[MATERIAL SUPPLIED]
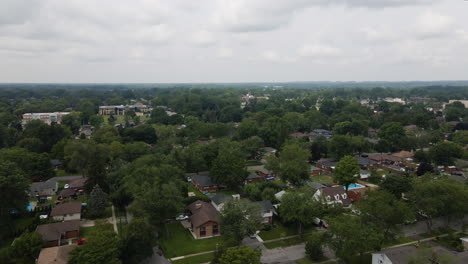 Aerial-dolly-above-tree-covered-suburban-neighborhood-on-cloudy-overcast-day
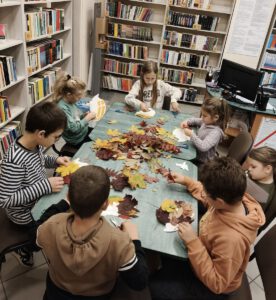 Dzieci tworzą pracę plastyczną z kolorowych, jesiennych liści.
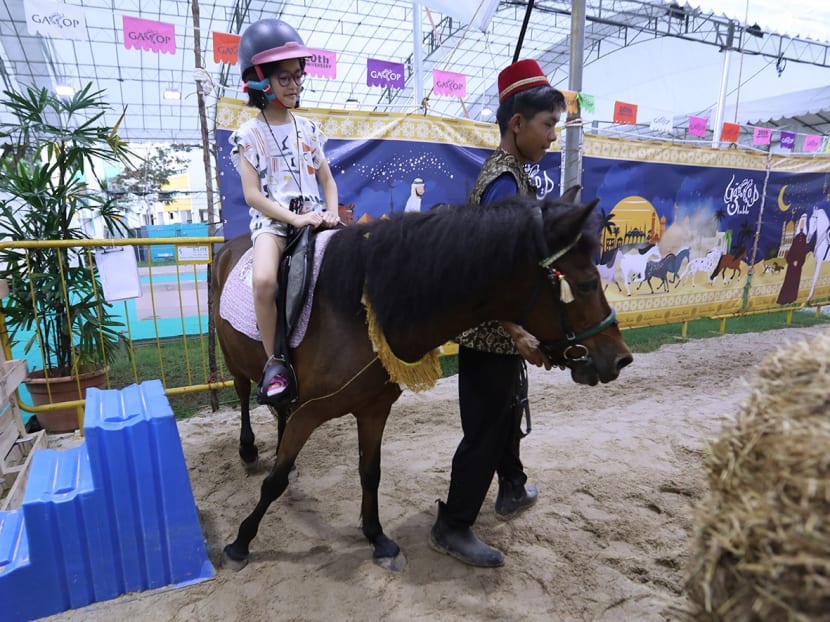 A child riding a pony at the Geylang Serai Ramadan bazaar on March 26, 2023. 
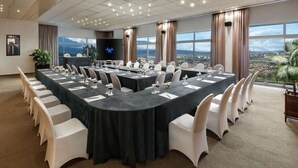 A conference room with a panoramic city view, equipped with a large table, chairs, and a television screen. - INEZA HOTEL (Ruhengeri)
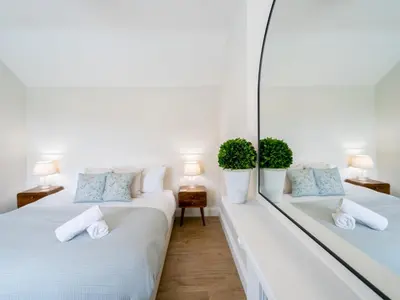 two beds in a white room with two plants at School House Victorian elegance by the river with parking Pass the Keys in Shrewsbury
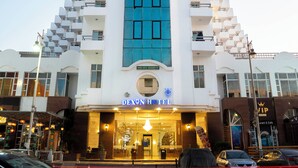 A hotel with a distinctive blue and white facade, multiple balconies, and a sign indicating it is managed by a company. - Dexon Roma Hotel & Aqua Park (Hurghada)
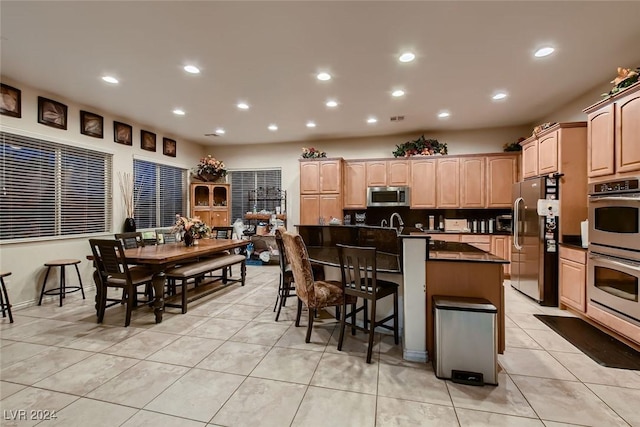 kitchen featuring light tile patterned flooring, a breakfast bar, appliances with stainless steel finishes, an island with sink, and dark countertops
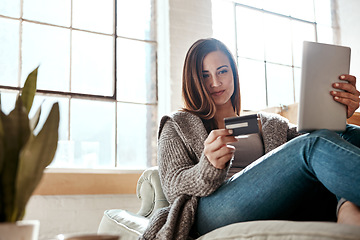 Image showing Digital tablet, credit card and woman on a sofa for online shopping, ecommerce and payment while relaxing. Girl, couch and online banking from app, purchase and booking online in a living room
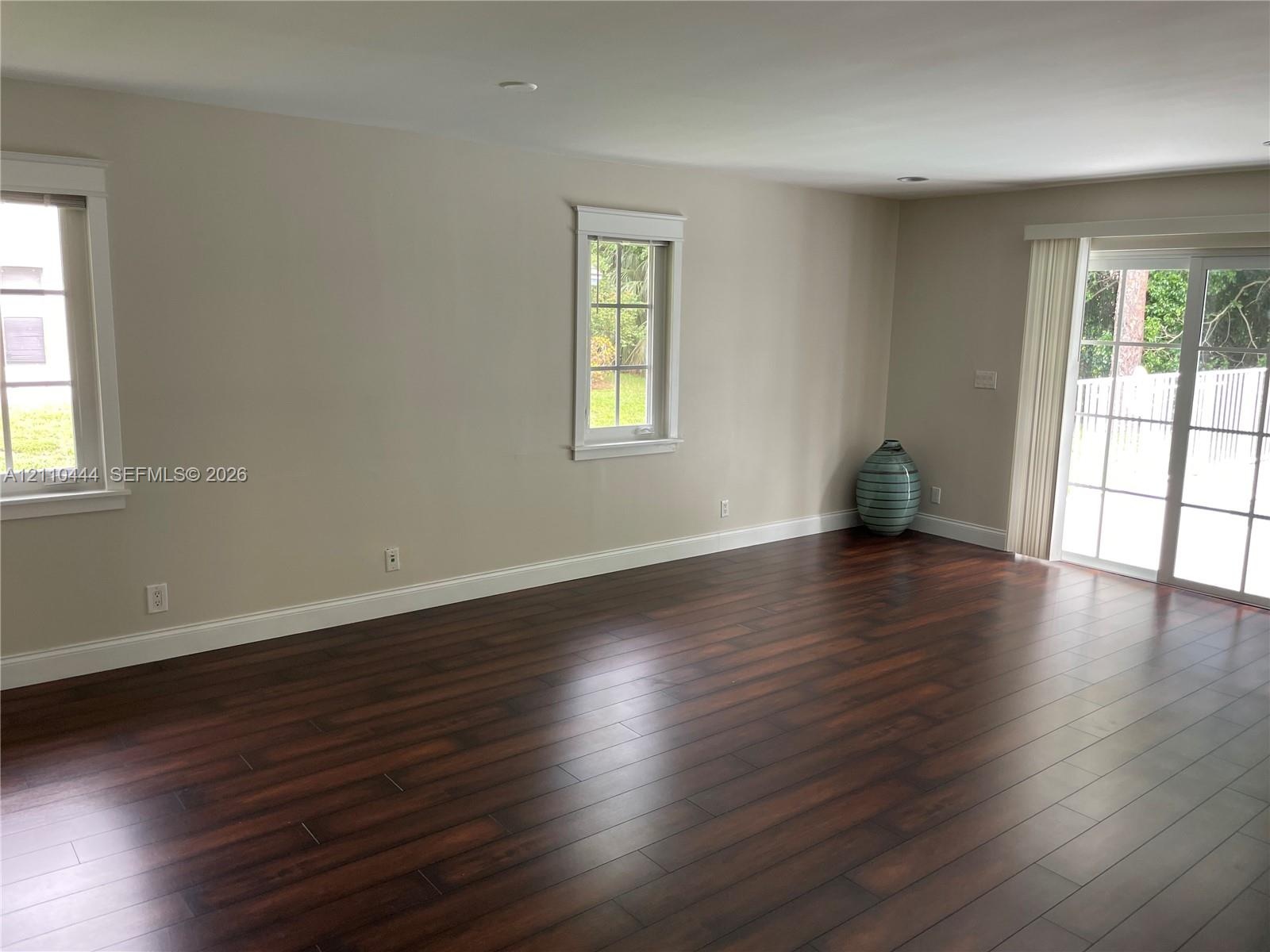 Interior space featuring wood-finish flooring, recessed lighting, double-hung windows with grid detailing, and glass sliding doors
[/MATERIAL SUPPLIED]
EXERCISE: Reproduce the records above exactly, but only from the line with "two beds in" up to and including the line with "kitchen featuring light". Leave the pictures out.

EXERCISE RESPONSE:
 two beds in a white room with two plants at School House Victorian elegance by the river with parking Pass the Keys in Shrewsbury
 A hotel with a distinctive blue and white facade, multiple balconies, and a sign indicating it is managed by a company. - Dexon Roma Hotel & Aqua Park (Hurghada)
 kitchen featuring light tile patterned flooring, a breakfast bar, appliances with stainless steel finishes, an island with sink, and dark countertops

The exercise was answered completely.